Every prior has two options which can be set, along with it’s particular inputs and options: -c for complement and -i for importance.
When the complement flag is on, the probability for a document that a prior generates will be the complement of its normal value. So for example, a text-search query which matches a document and would normally give a high score of perhaps 0.7, when the complement flag is on, would return a low score, like 0.3. The complement option essentially allows you to turn any prior into its opposite: you don’t want a document to contain a string, you don’t want documents authored by a particular author, you don’t want documents created near a certain time.

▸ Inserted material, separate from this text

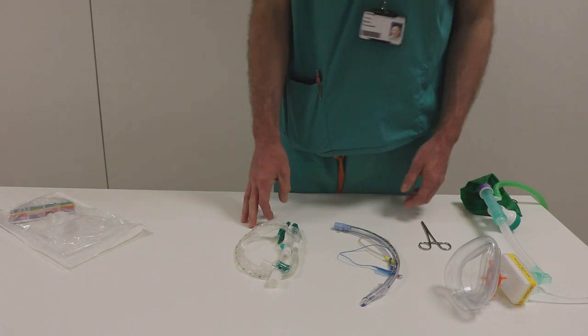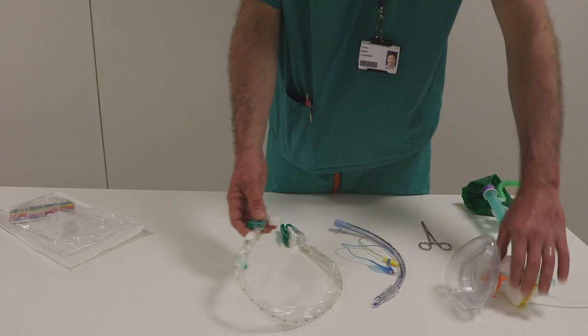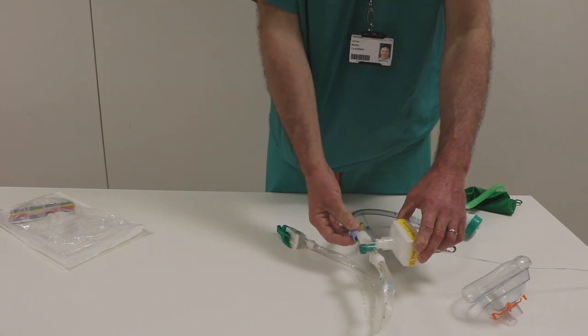What we find is the optimal setup is that we connect this, once the patient is intubated, to the other side of the viral filter like this, and then the tube will be connected like this.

The importance option is for specifying how strong you want to assert a prior. p-search as a number of pre-defined importance levels: ‘none’, ‘low’, ‘medium’, ‘high’, ‘critical’, and ‘filter’. The importance level modifies the score a document would normally give. The following chat shows how the scores are modified:
Importance | Against | Supporting |
---|---|---|
Prior Score | 0.3 | 0.7 |
‘none’ | 0.5 | 0.5 |
‘low’ | 0.44 | 0.57 |
‘medium’ | 0.3 | 0.7 |
‘high’ | 0.11 | 0.91 |
‘critical’ | 0.001 | 0.999 |
‘filter’ | 0.0 | 1.0 |
Set the importance for a prior to determine how much you want it to affect the final score.